Restate exactly the lines below, from the one containing "Living area with" through the final line, and leave out the pictures.

(Brief descriptive captions)

((

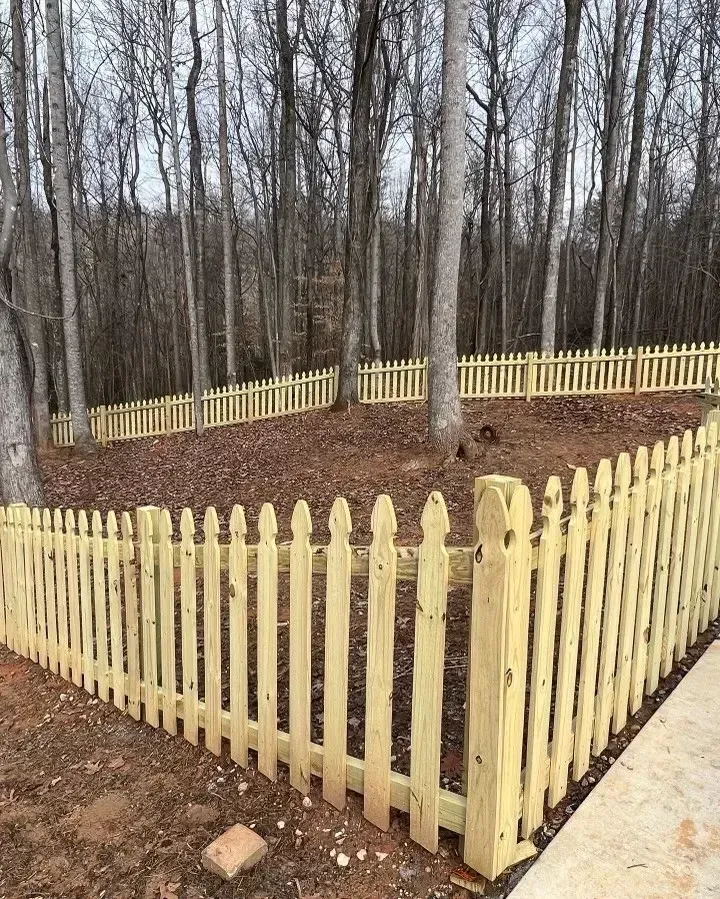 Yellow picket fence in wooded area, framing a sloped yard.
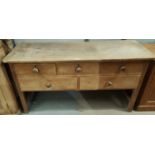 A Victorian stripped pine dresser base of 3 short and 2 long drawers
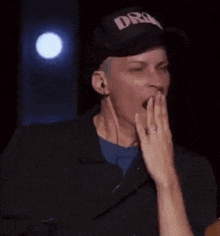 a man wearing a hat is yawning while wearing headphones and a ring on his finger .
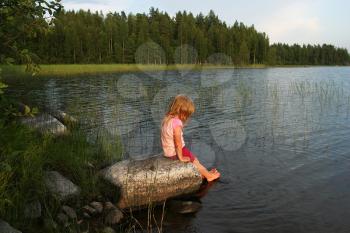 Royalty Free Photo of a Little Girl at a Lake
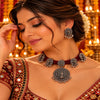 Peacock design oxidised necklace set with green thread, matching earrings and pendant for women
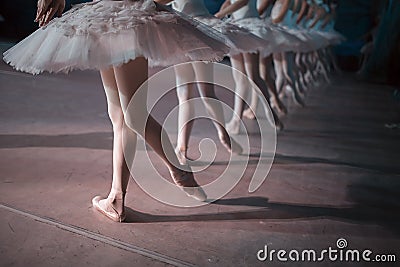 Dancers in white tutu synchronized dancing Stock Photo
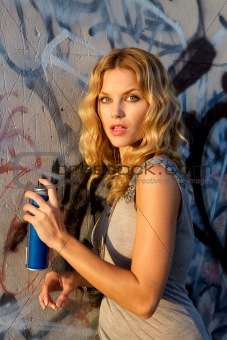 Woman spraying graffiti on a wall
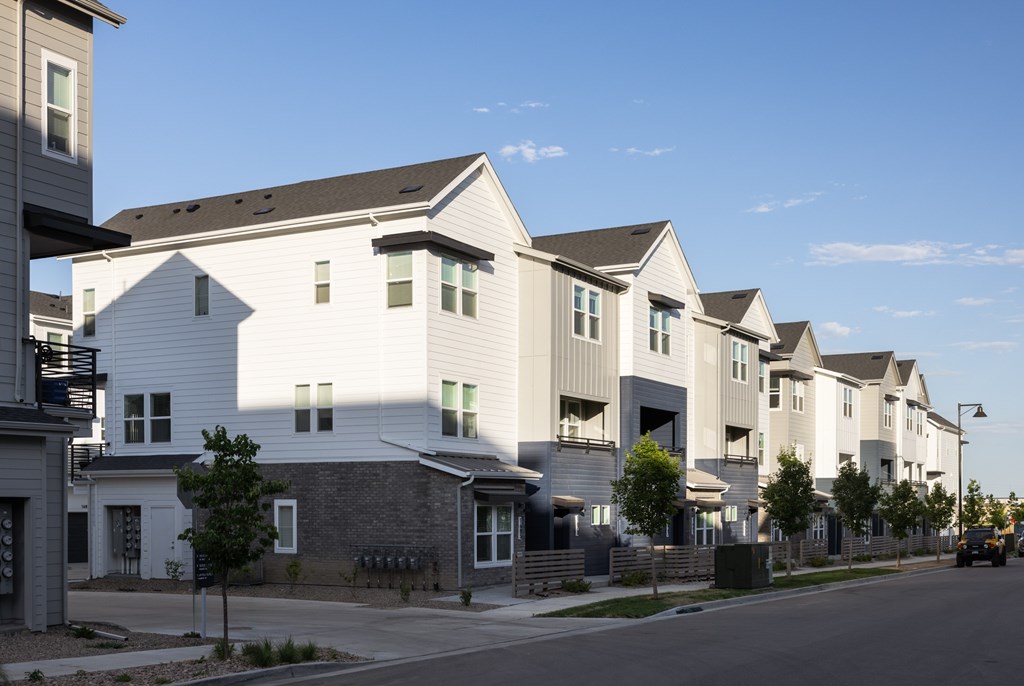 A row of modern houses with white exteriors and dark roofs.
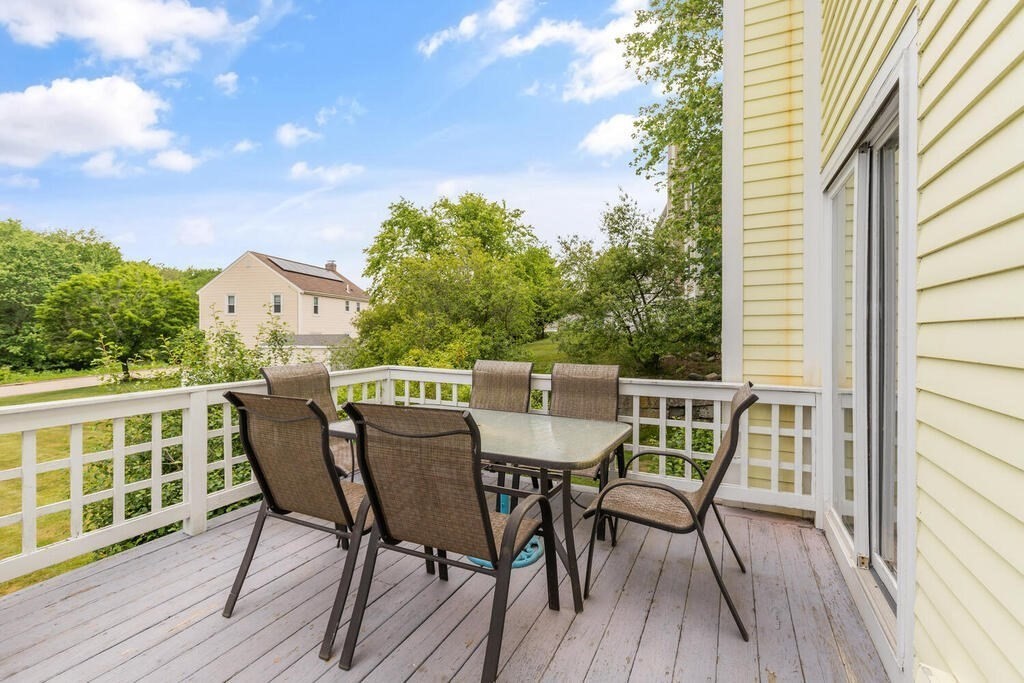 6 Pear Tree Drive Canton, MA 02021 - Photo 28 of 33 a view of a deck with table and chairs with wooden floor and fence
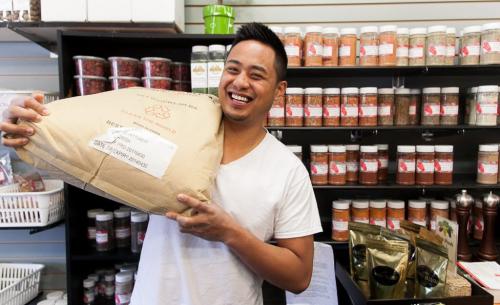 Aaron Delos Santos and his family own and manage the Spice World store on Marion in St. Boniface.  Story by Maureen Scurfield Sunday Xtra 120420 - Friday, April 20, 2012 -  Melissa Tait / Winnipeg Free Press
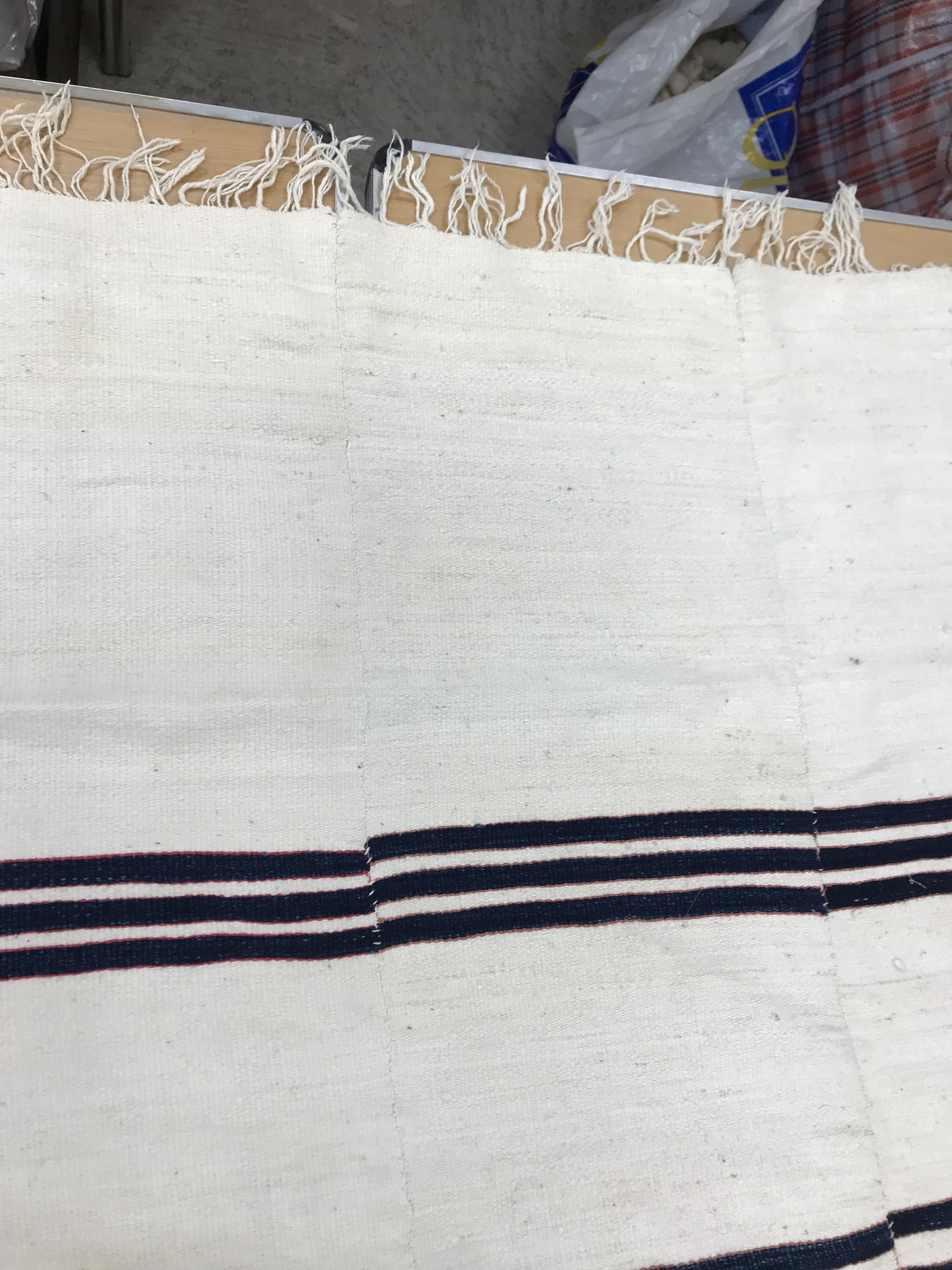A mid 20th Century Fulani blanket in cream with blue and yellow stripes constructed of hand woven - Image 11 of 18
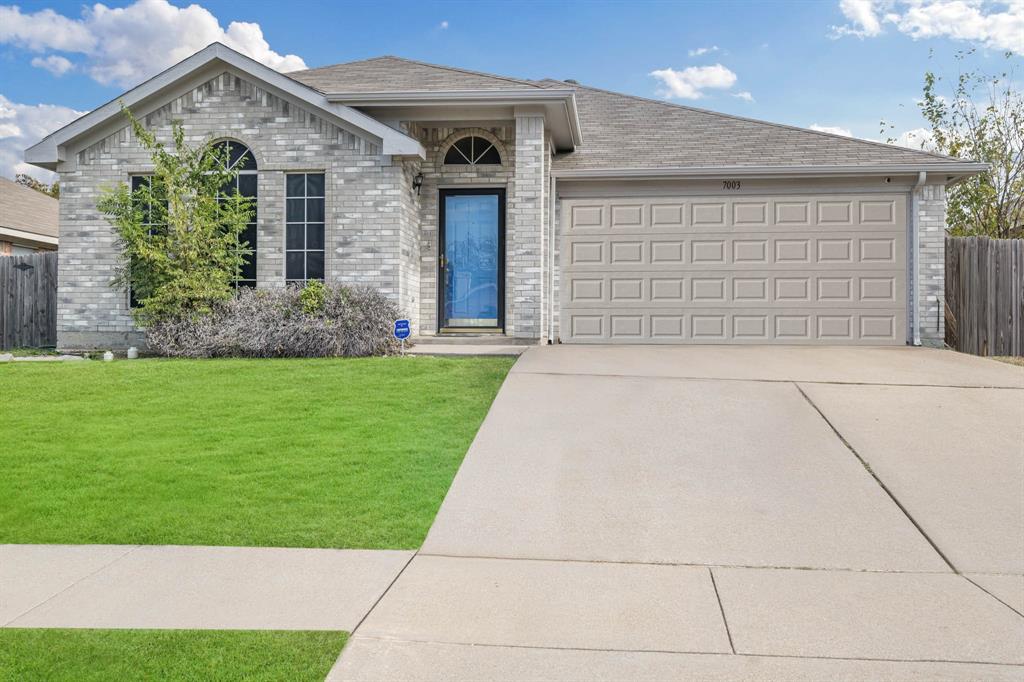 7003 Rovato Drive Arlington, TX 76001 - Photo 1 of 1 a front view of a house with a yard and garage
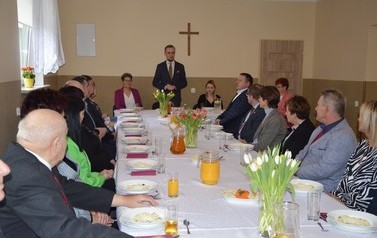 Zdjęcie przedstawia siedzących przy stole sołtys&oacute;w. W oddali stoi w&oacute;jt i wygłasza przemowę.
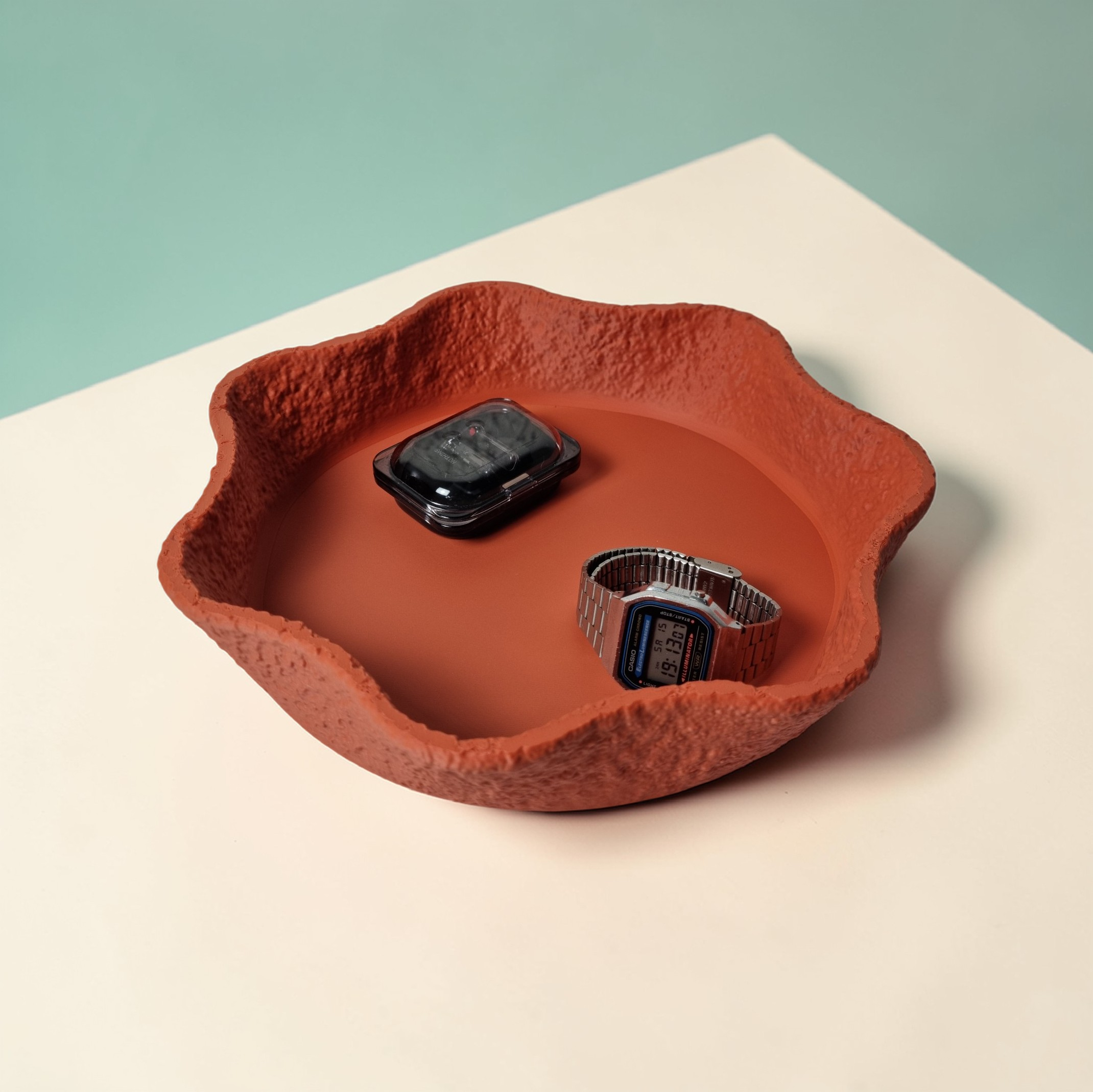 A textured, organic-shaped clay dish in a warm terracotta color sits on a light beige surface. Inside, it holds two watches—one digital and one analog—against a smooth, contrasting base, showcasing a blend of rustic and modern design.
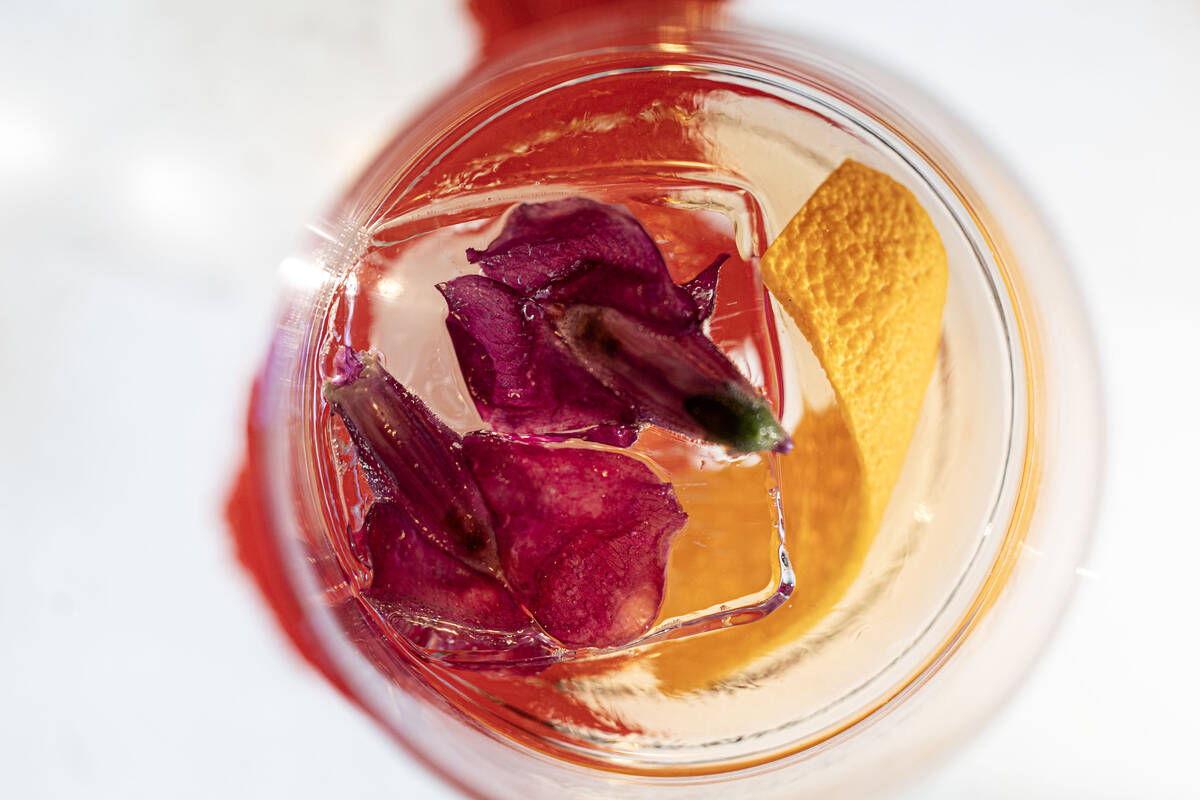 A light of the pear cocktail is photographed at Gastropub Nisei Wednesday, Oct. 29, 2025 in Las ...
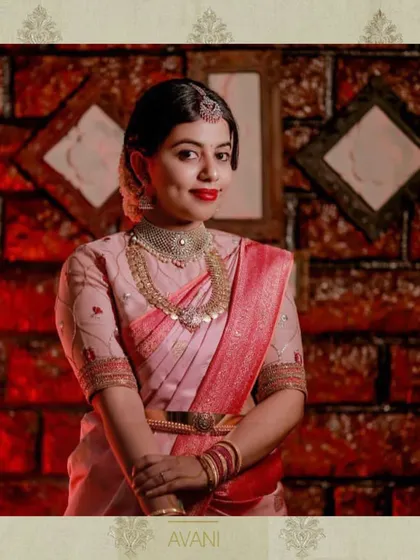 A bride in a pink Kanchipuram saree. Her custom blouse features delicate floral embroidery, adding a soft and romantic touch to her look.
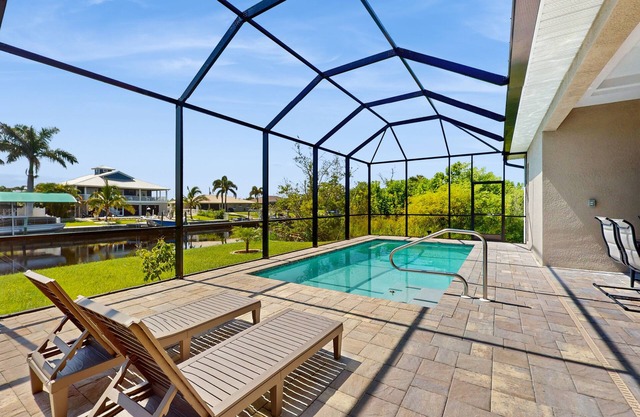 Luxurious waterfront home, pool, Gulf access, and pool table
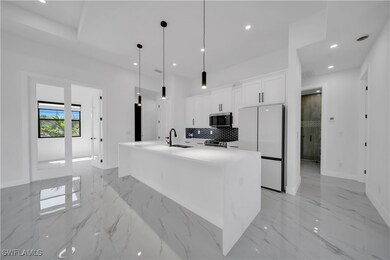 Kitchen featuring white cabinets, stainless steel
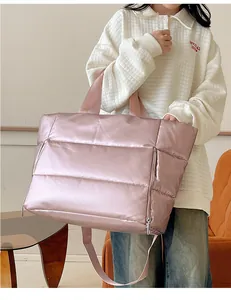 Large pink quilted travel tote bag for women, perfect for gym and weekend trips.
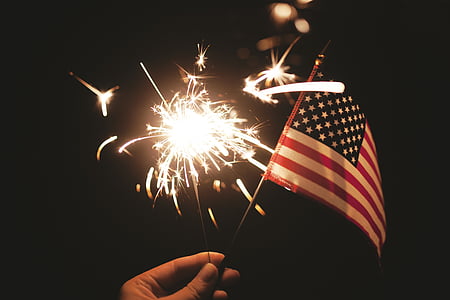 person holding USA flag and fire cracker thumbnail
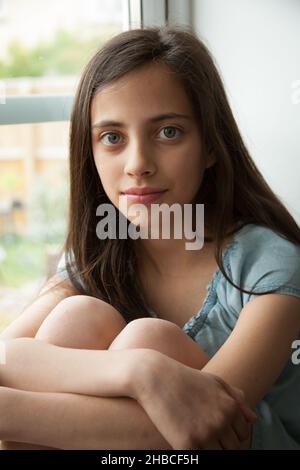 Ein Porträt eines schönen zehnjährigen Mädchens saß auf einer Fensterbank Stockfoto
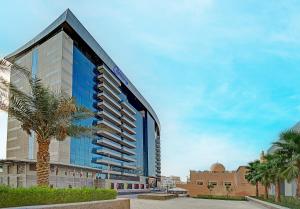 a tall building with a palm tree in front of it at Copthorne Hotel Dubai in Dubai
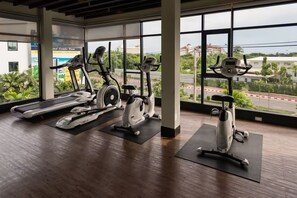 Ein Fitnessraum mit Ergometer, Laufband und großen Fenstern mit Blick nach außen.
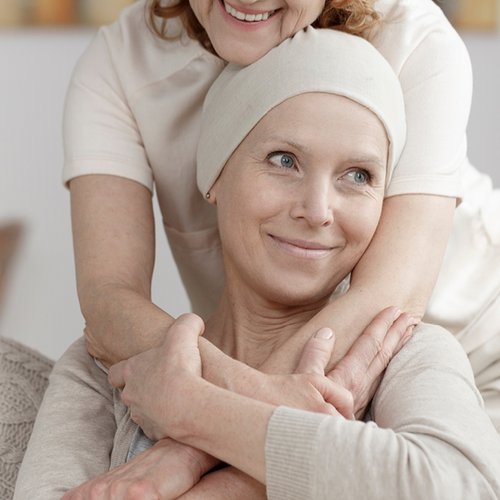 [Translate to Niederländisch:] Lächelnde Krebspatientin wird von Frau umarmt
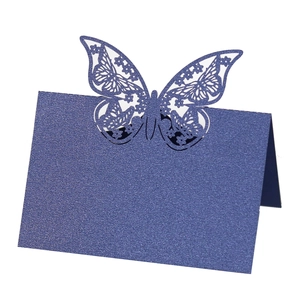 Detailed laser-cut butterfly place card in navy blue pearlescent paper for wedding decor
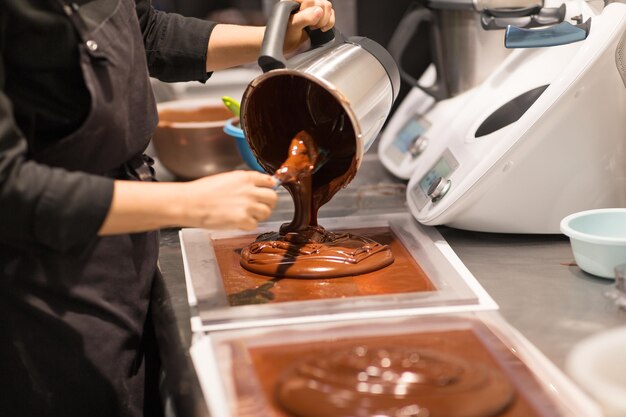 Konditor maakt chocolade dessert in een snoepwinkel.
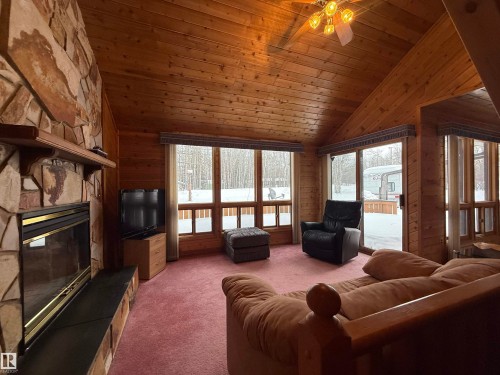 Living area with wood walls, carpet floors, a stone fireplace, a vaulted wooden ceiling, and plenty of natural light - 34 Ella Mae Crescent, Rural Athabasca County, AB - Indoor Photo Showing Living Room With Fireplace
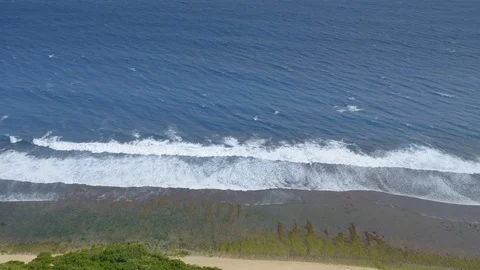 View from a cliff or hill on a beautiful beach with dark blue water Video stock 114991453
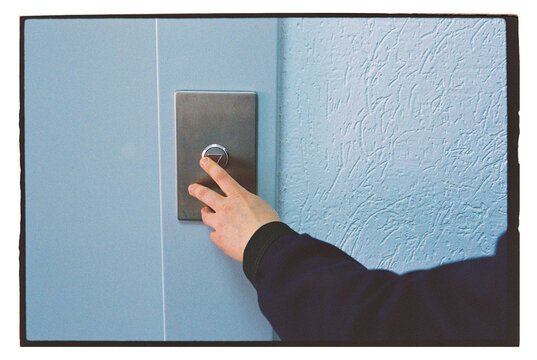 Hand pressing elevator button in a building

))

**Response box:**
 Living area with wood walls, carpet floors, a stone fireplace, a vaulted wooden ceiling, and plenty of natural light - 34 Ella Mae Crescent, Rural Athabasca County, AB - Indoor Photo Showing Living Room With Fireplace
 View from a cliff or hill on a beautiful beach with dark blue water Video stock 114991453
 Hand pressing elevator button in a building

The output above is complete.